YAMOUSSOUKRO - Rebels holding northern Ivory Coast will disarm by early October if government militias keep their own promises to disband, officials said on Sunday as details emerged of the latest deal to end a three-year civil war.
At a ceremony in the capital Yamoussoukro late on Saturday, government officials and rebel chiefs signed an agreement setting out dates for fighters from both sides to disarm ready for elections due on Oct. 30.
The document, a copy of which was seen by Reuters, indicated that 40,500 military personnel from rebel areas and 15,000 from the government zone would disarm and demobilise between late September and Oct. 3 -- a date confirmed by a UN disarmament official.

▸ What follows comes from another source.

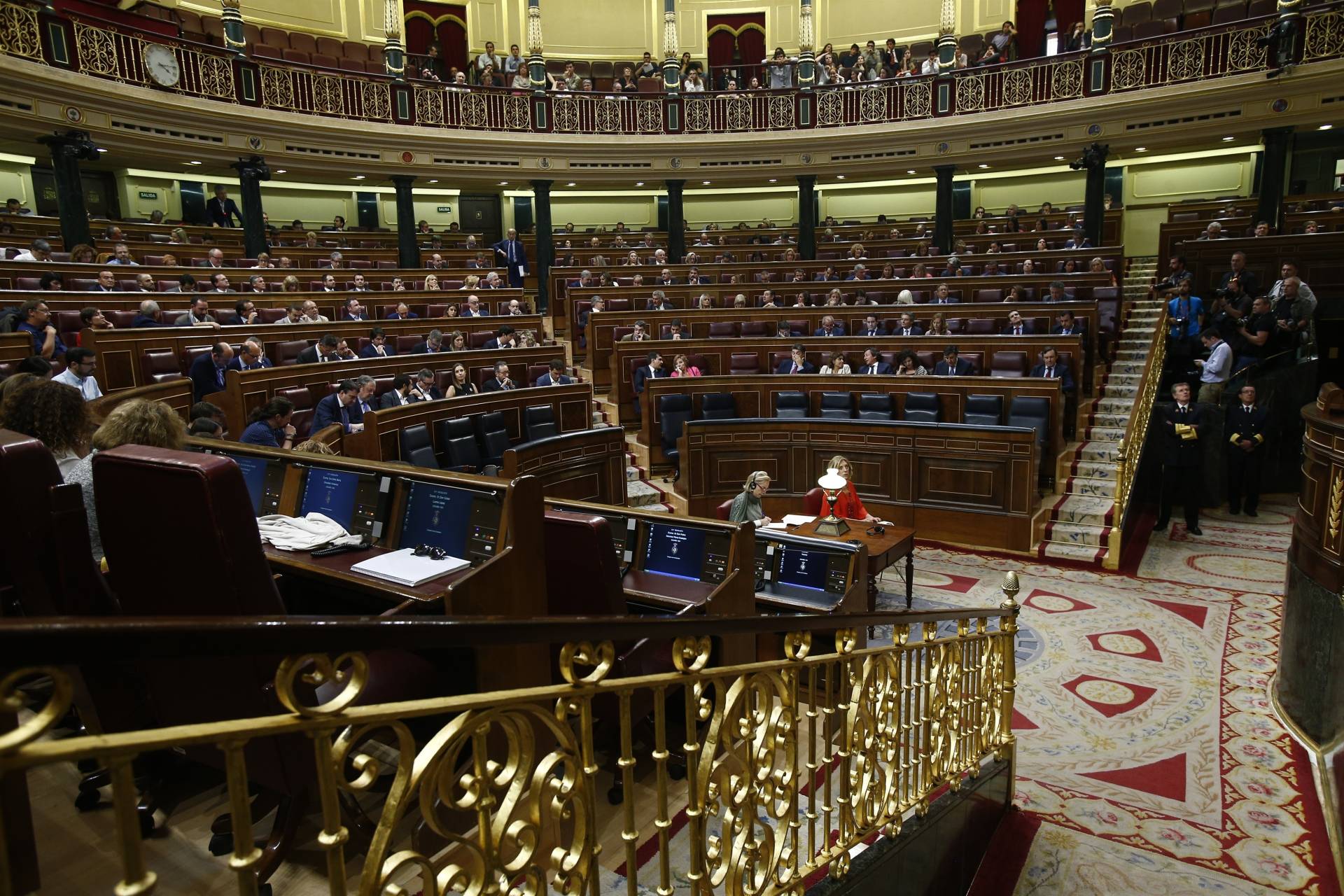 Los 350 diputados del Congreso tienen a su servicio a 321 asesores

Fit and eligible soldiers from both sides would be recruited into a new national army, although it had not yet been decided how large that army should be, rebel spokesman Amadou Kone said.
Another spokesman for the rebel New Forces, Antoine Beugre, said their fighters would meet the disarmament deadline so long as the government met its own commitments to disarm and disband its militias by Aug. 20 and to pass key laws.

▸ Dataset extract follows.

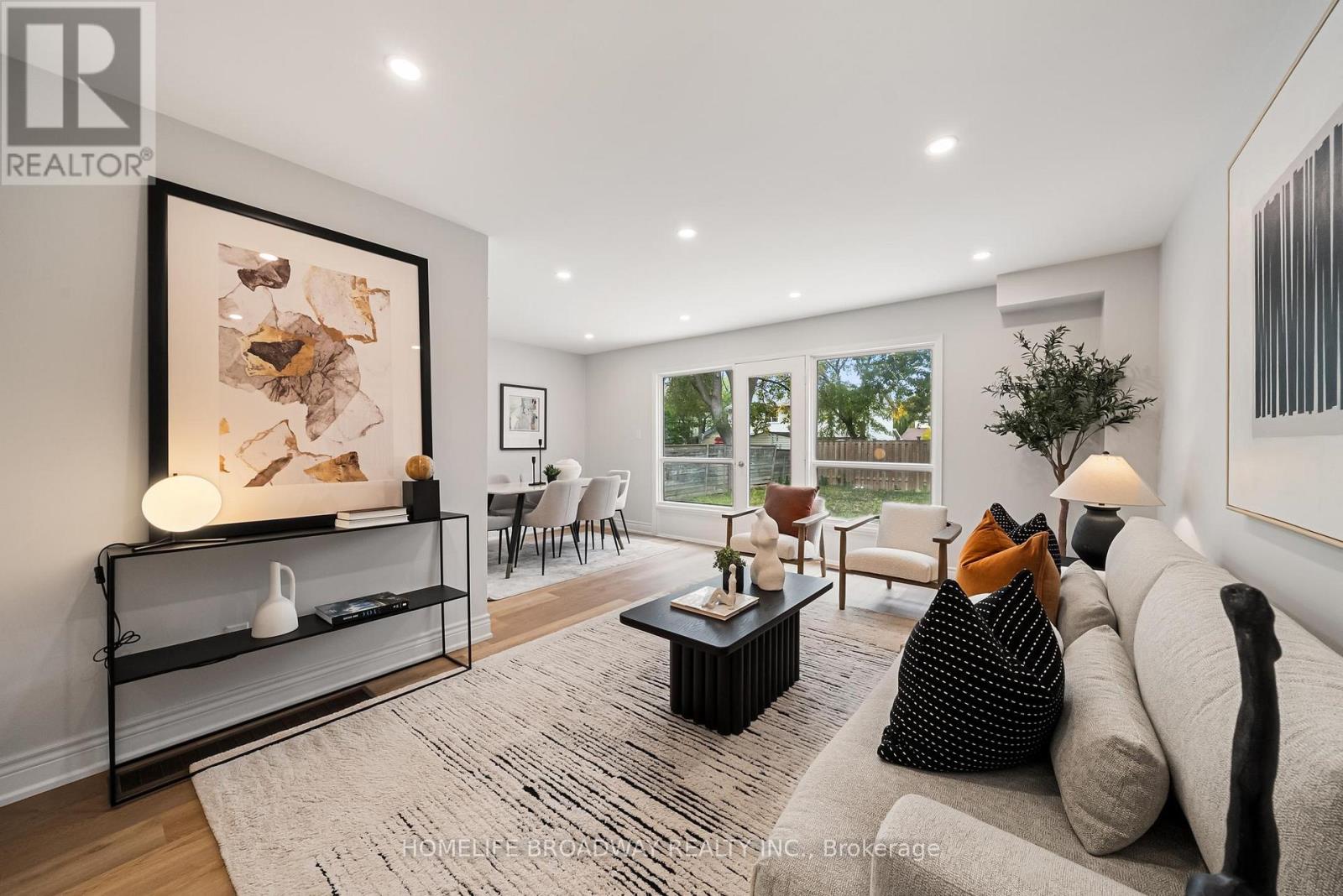 44 HOLLYBERRY TRAIL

"Before each stage there will be a technical meeting to assess political progress," Beugre told Reuters on Sunday.
The government's failure to disarm militias and pass key legal reforms agreed in a 2003 French-brokered deal have caused a series of setbacks and delays that have kept the world's top cocoa grower riven in two.

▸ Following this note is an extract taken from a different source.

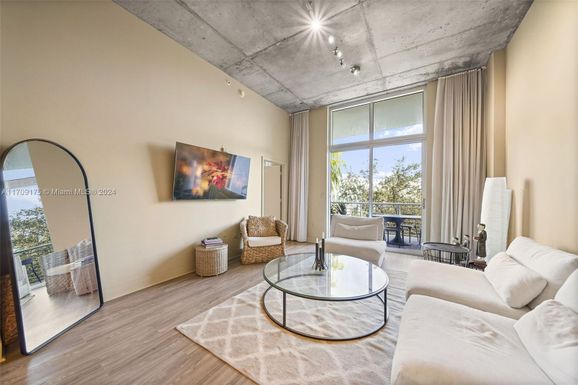 2001 Meridian Ave # 424, Miami Beach FL 33139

President Laurent Gbagbo pledged at a cabinet meeting last week to take steps to pass the laws by July 15 -- the date agreed at meetings in Pretoria organised by South African President Thabo Mbeki to revive a faltering peace process.
The new laws cover the creation of an independent electoral commission to run October's presidential elections as well as new nationality rules -- a divisive issue which has seen some government loyalists brand northern Muslims as foreigners.
Ivory Coast is split roughly in half with the rebels holding the north from the second city of Bouake and Gbagbo's government controlling the south from the main city Abidjan. A UN force of more than 6,000 troops patrols a buffer zone in the middle.
Beugre said the latest deal, which includes more precise details than previous vague agreements on disarmament, had been greeted with "great optimism" by rebel forces in Bouake and said New Forces political chief Guillaume Soro would return to the country "very soon" for the first time since February.
Saturday's deal provides for the training of 600 auxiliary police officers to ensure law and order in the north of the country during disarmament and in the run-up to the elections.
Gbagbo won the last presidential election in 2000 after army ruler Robert Guei's authorities barred the other main candidates from standing. Guei still tried to steal the election and only massive, violent street protests ensured Gbagbo came to power.
But after mounting tension between the mainly Christian south and largely Muslim north, rebels tried to topple Gbagbo in 2002, seizing the north of the country and sparking a civil war.